> _PROBLEM DESCRIPTION_: Print the data below again in full, exactly as it stands, with no images.

DATA TO EXAMINE START

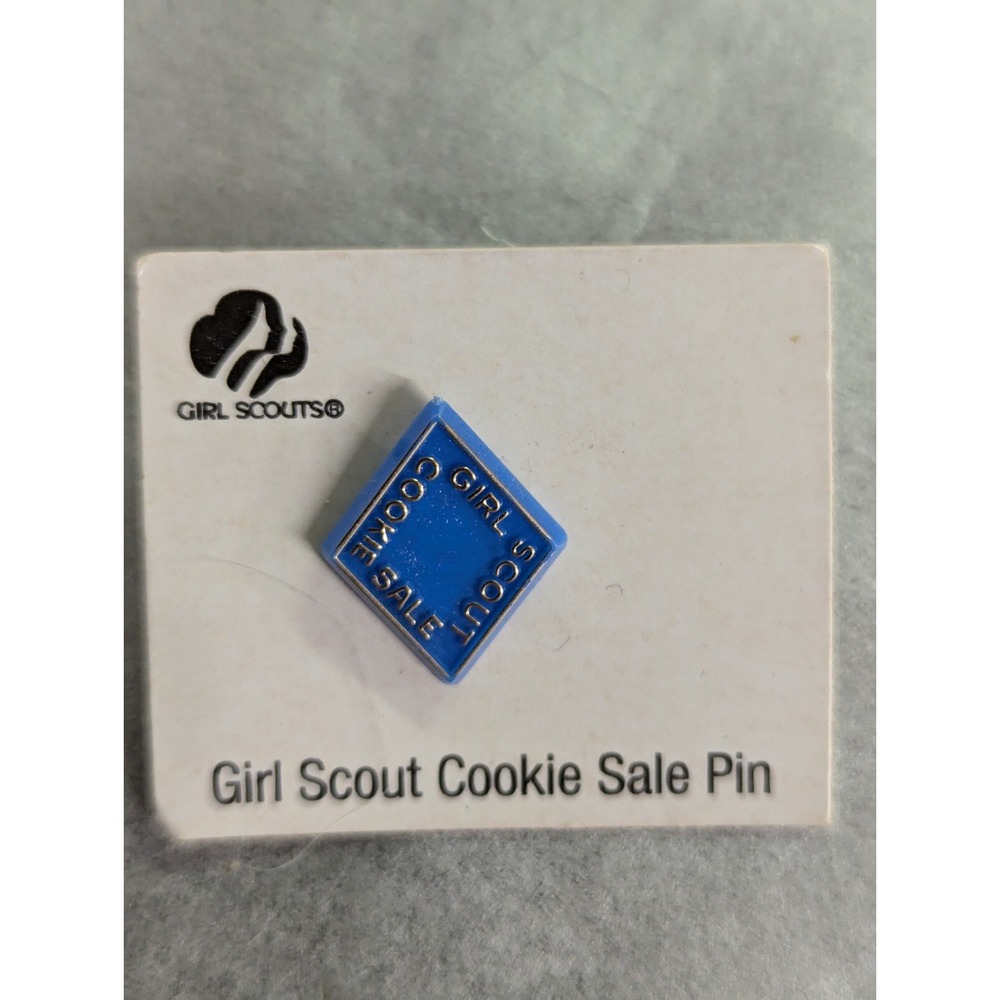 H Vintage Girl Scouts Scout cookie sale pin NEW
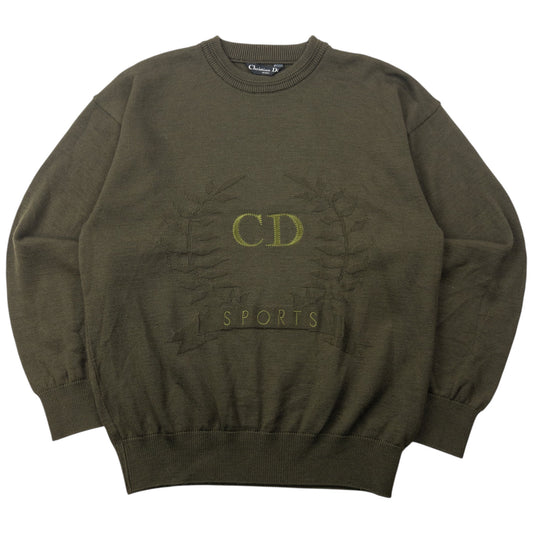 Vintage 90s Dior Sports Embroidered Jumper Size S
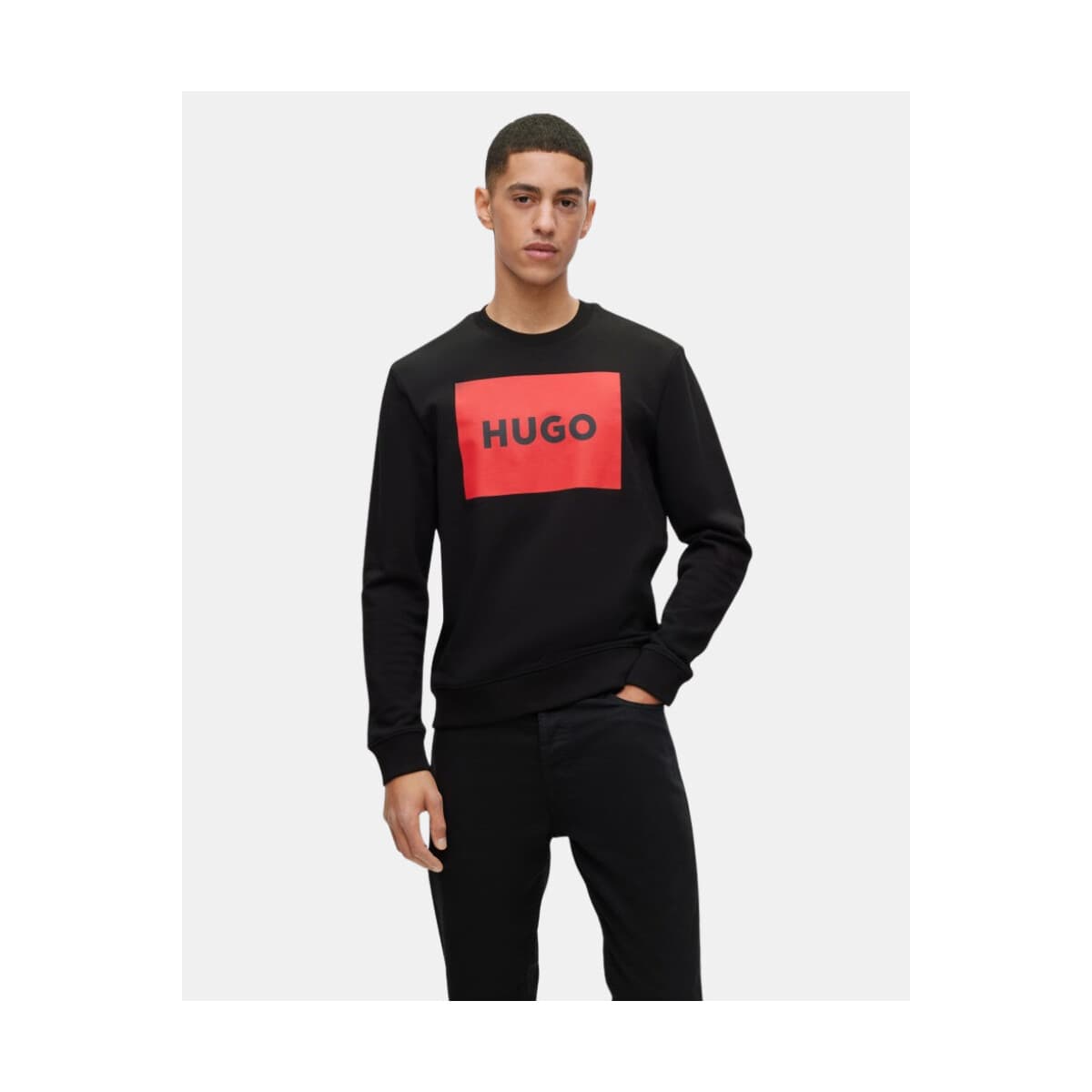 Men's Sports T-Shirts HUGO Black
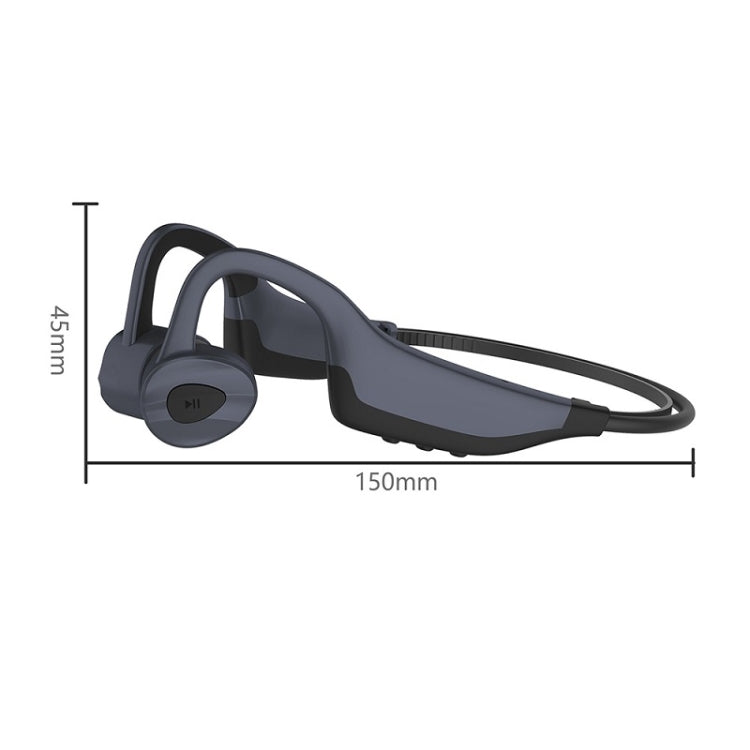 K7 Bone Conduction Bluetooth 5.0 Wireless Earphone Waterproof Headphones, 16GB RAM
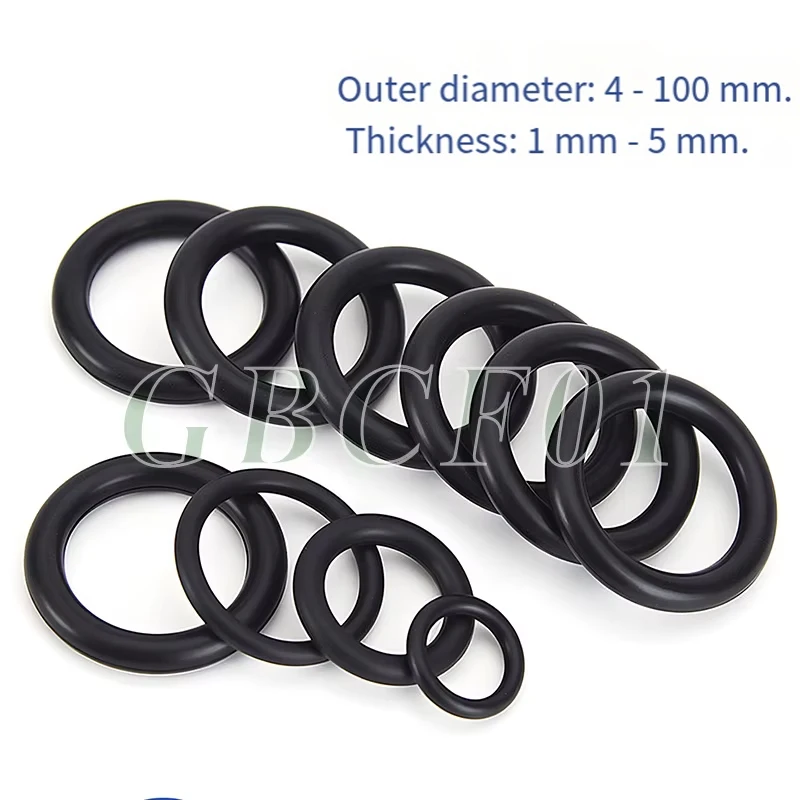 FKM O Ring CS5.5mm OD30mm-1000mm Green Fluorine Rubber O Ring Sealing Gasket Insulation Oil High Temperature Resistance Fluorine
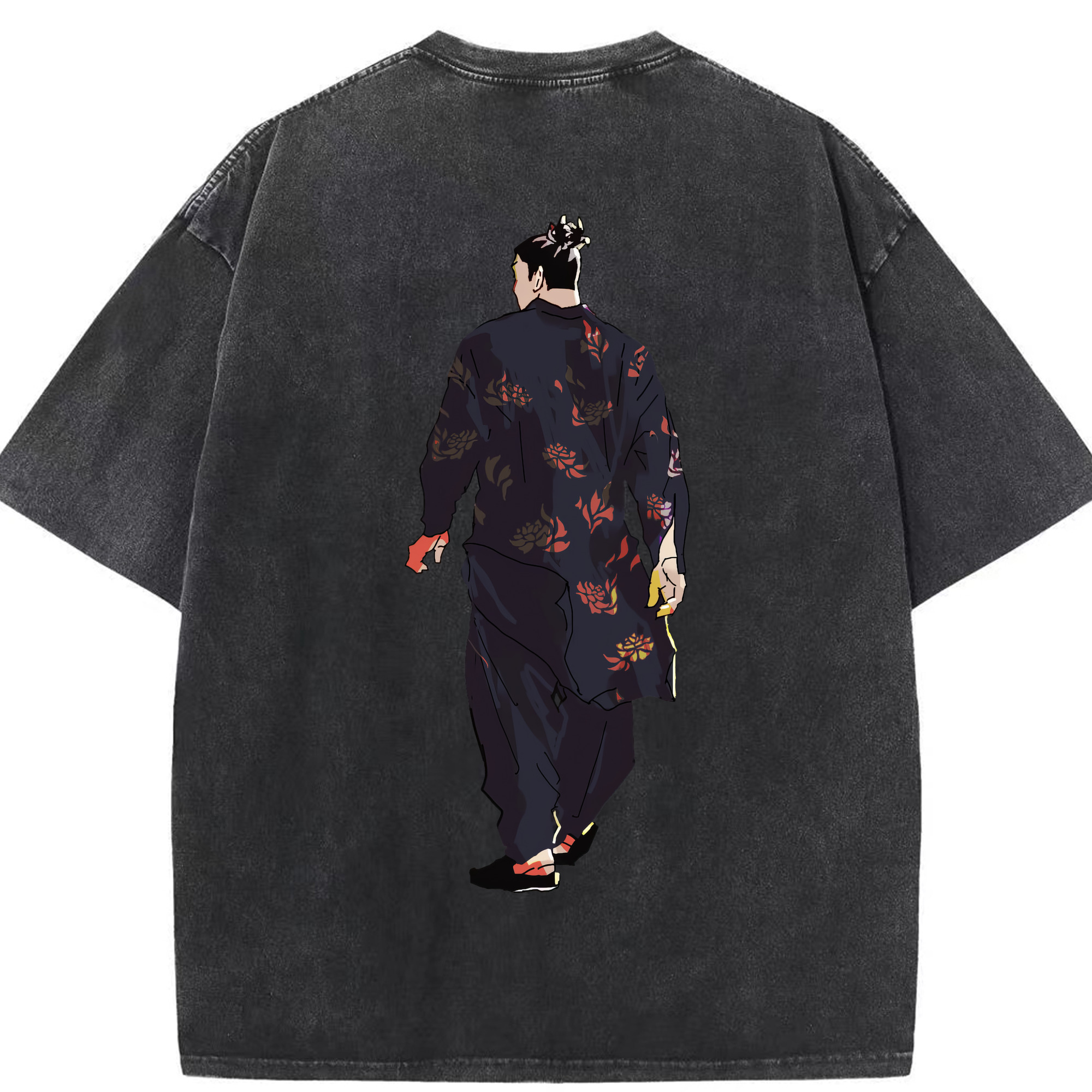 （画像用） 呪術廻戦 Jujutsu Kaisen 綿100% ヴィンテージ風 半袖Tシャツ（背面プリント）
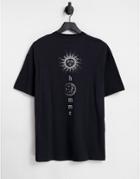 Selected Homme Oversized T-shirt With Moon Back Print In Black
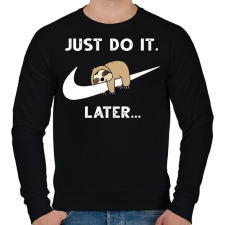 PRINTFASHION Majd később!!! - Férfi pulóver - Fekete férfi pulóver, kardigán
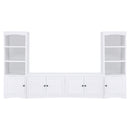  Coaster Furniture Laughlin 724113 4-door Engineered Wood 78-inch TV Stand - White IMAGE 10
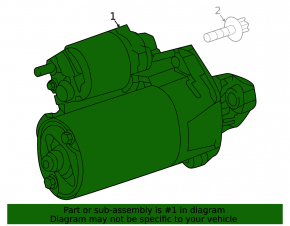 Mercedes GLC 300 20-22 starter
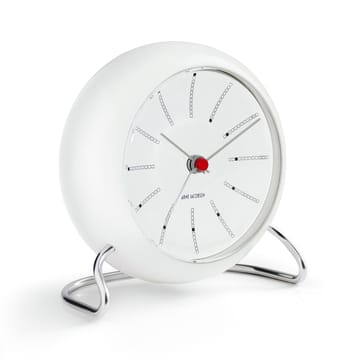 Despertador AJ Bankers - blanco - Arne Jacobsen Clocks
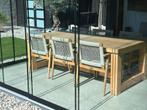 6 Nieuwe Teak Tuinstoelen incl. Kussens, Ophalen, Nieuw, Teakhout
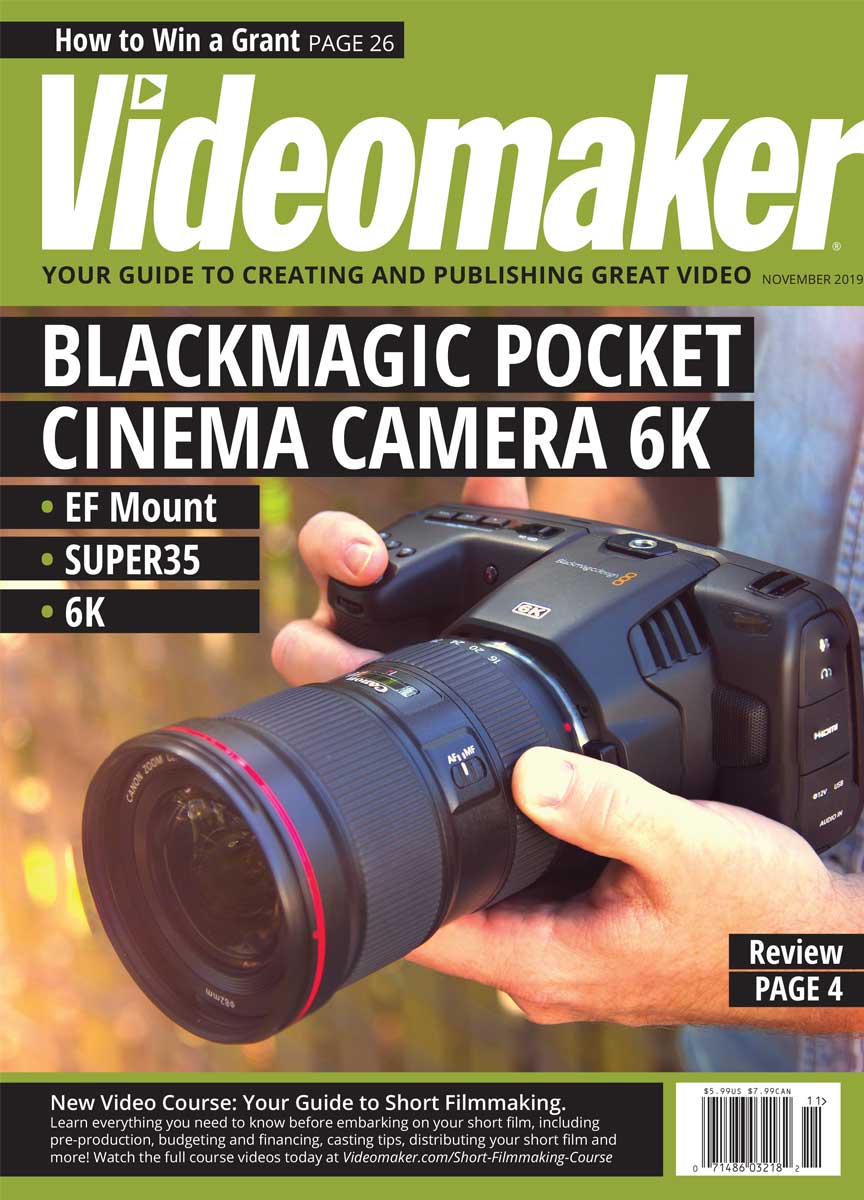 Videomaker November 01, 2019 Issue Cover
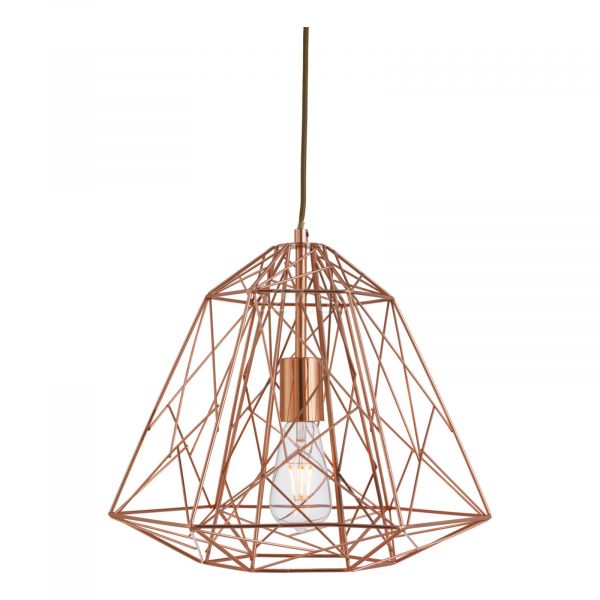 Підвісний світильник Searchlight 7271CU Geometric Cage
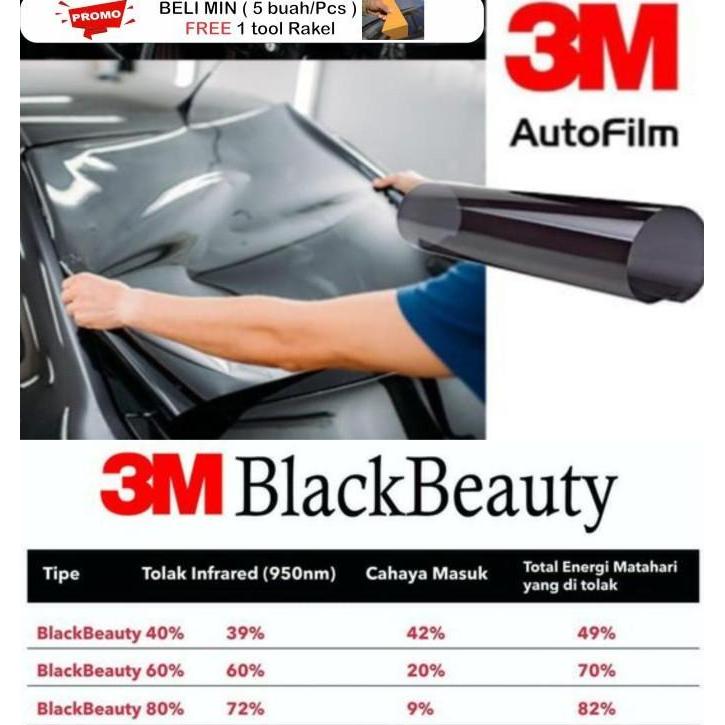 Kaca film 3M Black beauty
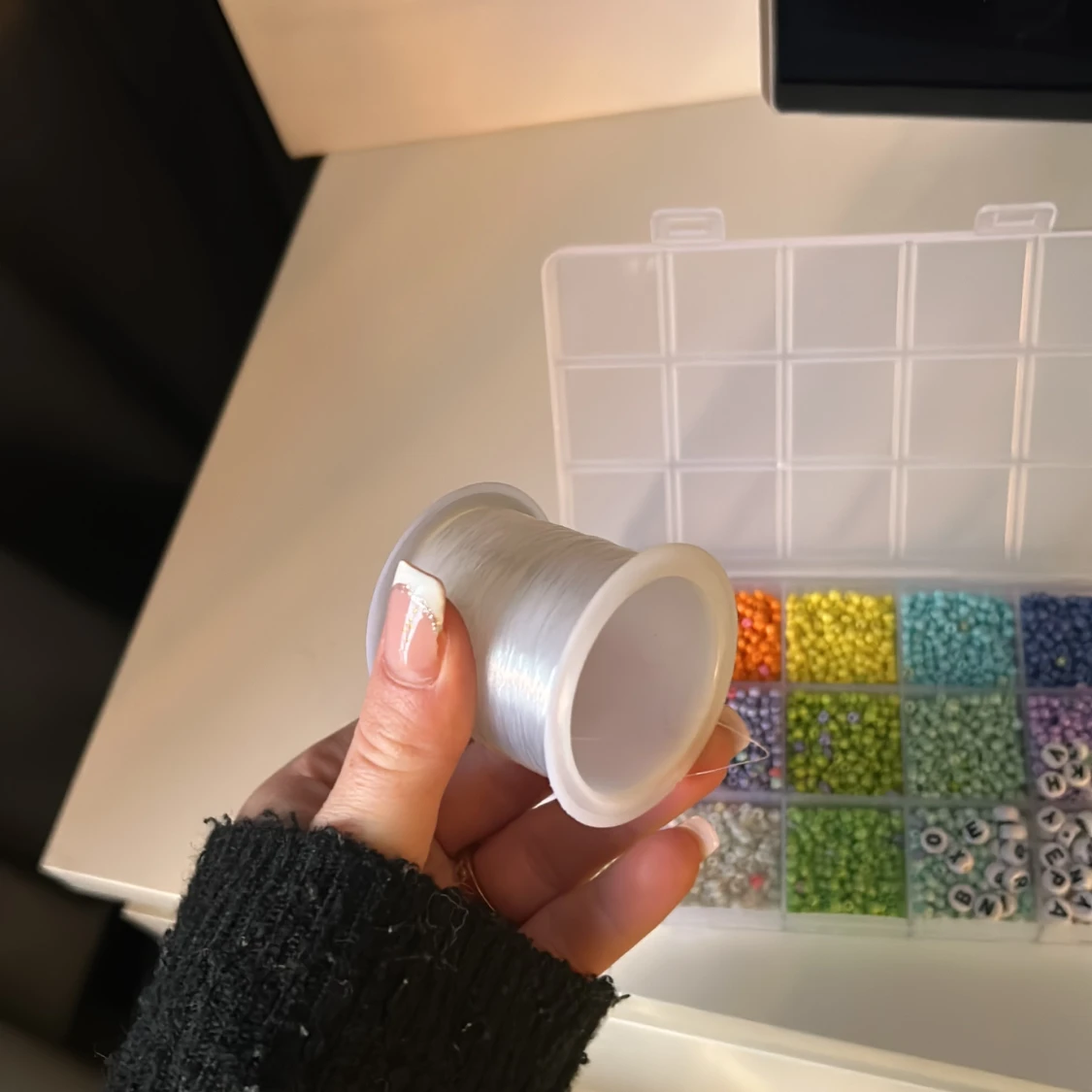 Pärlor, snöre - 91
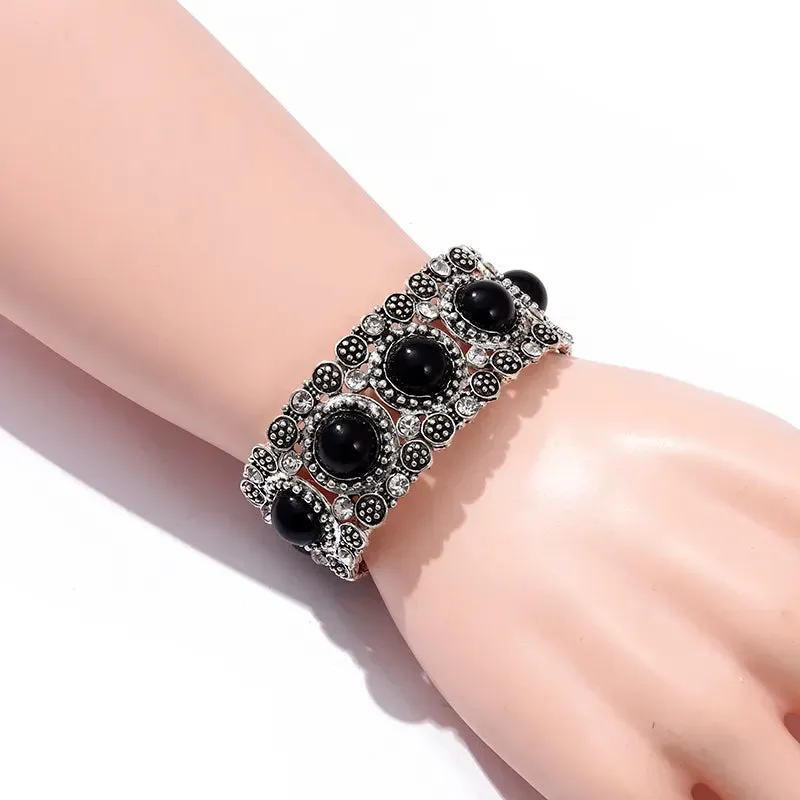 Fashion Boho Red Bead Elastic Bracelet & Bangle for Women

DATA TO EXAMINE END

> _ANSWER FOR THIS EXERCISE_:
 H Vintage Girl Scouts Scout cookie sale pin NEW
 Vintage 90s Dior Sports Embroidered Jumper Size S
 Men's Sports T-Shirts HUGO Black
 K7 Bone Conduction Bluetooth 5.0 Wireless Earphone Waterproof Headphones, 16GB RAM
 FKM O Ring CS5.5mm OD30mm-1000mm Green Fluorine Rubber O Ring Sealing Gasket Insulation Oil High Temperature Resistance Fluorine
 （画像用） 呪術廻戦 Jujutsu Kaisen 綿100% ヴィンテージ風 半袖Tシャツ（背面プリント）
 Selected Homme Oversized T-shirt With Moon Back Print In Black
 PRINTFASHION Majd később!!! - Férfi pulóver - Fekete férfi pulóver, kardigán
  Coaster Furniture Laughlin 724113 4-door Engineered Wood 78-inch TV Stand - White IMAGE 10
 Mercedes GLC 300 20-22 starter
 Despertador AJ Bankers - blanco - Arne Jacobsen Clocks
 6 Nieuwe Teak Tuinstoelen incl. Kussens, Ophalen, Nieuw, Teakhout
 Videomaker November 01, 2019 Issue Cover
 Підвісний світильник Searchlight 7271CU Geometric Cage
 Kaca film 3M Black beauty
 Pärlor, snöre - 91
 Fashion Boho Red Bead Elastic Bracelet & Bangle for Women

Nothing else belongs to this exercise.